The board thickness of 1/2" = 12.7 mm commonly used in the USA was not available in Germany in the material we wanted. We were therefore faced with the alternative of milling the boards from 15 mm thick material or recalculating the tuning geometry to the next standard thickness of 12 mm.


Due to the very limited availability of a suitable milling machine, we decided to have the bars widths cut out as strips from 12 mm thick standard panels.

However, this has created two problems for us:

  • On the one hand, the surfaces of the strips already have some damage (scratches, dents, etc.), which we then also have in the finished sound bar.
  • Secondly, the panel thicknesses did exhibit considerable tolerances, ranging from 12.0 to 12.33 mm.
  • When determining the required tuning geometry (modal analysis simulation), we found that even deviations of only 0.1 mm in the bar thickness have a very strong influence on the sound spectrum. Therefore, we had to measure each individual sound bar precisely after sawing and adjust the tuning geometry to the measured bar thickness.
     
    As a result, we can only use the tuning geometry as determined for this specific set of bars.
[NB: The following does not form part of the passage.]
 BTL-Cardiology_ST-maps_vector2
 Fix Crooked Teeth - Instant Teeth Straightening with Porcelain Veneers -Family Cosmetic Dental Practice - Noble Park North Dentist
What happens if you change the geometry specifications?


To find out, we investigated whether sound bars could be made from material only 10 mm thick in order to save weight. Because all possible youth vibraphones instead reduce the width of the sound bars, i.e., the scale length, we thought we would test a different approach.

 In a simulation, we kept the scale length and thus the sound bar width in line with the American model so that the playing feel would remain unchanged, but then reduced the bar thickness to 10 mm. In order to return to the desired sound spectrum from step 1, we also had to reduce the bars lengths.

 We have not yet simulated the entire set of sound bars, but we have checked the key points. The result is the set of sound bars shown in gray above the golden M55 bars.  


This would result in a weight saving of around 1.3 kg, or almost 10% of the  sound bars. The feel should be largely identical due to the consistent scale length, as should the sound spectrum. 

The amplitude spectrum would be different, i.e., how strongly the individual overtone frequencies stand out from the others and the fundamental frequency.